A plunge in recent economic data puts the probability of a double-dip recession above 80 percent, according to modeling by Bank of America Merrill Lynch released Wednesday.
The toll on the U.S. debt downgrade, Europe’s woes and stock market volatility is hampering economic activity much more than anticipated earlier in the year.
A survey of manufacturing in the Philadelphia Federal Reserve region plunged to its lowest level since March 2009, according to the Fed last week. Consumer confidence is at its lowest level since May 1980, according to a Thomson Reuters/University Michigan survey released on August 12. A revision of this survey will be released Friday.
The Philly Fed puts a recession probability at 85.7 percent, while the consumer survey puts contraction chances at 80 percent, according to Bank of America’s probability model, which uses a so-called Bayesian technique that “tests if the economy is in a recession based on the interaction of variables that are associated with turns in the business cycle.”

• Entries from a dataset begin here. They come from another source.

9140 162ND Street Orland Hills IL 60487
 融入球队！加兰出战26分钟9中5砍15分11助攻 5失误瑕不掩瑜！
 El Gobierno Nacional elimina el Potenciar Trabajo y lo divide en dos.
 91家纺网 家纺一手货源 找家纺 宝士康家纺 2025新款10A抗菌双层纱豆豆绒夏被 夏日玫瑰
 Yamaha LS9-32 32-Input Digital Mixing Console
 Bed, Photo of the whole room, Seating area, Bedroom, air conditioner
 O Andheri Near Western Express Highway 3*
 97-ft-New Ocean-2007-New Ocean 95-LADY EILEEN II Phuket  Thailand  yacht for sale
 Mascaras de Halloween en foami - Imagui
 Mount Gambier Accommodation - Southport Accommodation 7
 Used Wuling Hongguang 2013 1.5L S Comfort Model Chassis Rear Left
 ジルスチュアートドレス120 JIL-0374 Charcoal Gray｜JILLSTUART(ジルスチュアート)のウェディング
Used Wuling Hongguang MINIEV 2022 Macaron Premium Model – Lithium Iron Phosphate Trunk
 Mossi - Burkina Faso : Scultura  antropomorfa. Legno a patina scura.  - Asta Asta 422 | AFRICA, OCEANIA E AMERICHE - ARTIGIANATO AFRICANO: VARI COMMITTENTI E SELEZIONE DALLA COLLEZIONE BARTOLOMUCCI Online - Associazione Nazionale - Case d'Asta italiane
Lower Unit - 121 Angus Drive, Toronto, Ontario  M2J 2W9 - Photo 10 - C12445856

“More timely consumer and business sentiment indicators dropped in August in response to a range of bad news,” said Michael Hanson, one of Bank America’s economists. According to their data, the Philly Fed has accurately forecast four of the last seven recessions.
Peter Schiff, CEO & Chief Global Strategist of Euro Pacific Capital agrees with Bonzer Wolf, “It’s a 100 percent chance,” he said, “In fact the recession might have already started.”
Ya think Hurricane Irene is going to improve the situation?